§ Problem requirements:
In your copy, each line below is repeated exactly and no image appears.

§ Dataset content:
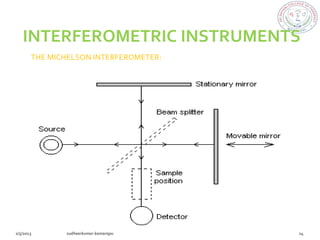 INTERFEROMETRIC INSTRUMENTS
THE MICHELSON INTERFEROMETER:
 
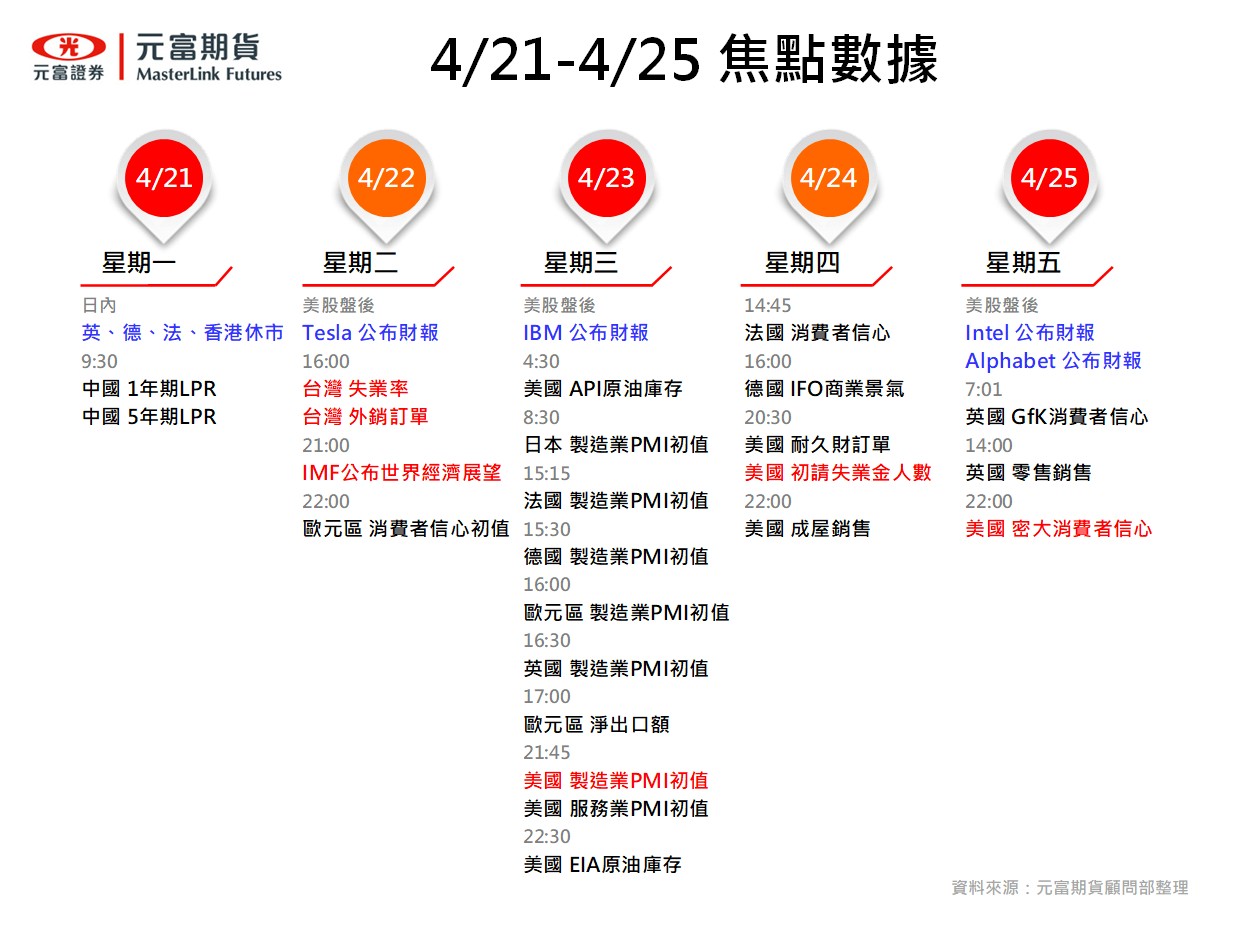 4/21~4/2美股焦點數據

§ Written response:
 INTERFEROMETRIC INSTRUMENTS
THE MICHELSON INTERFEROMETER:
 
 4/21~4/2美股焦點數據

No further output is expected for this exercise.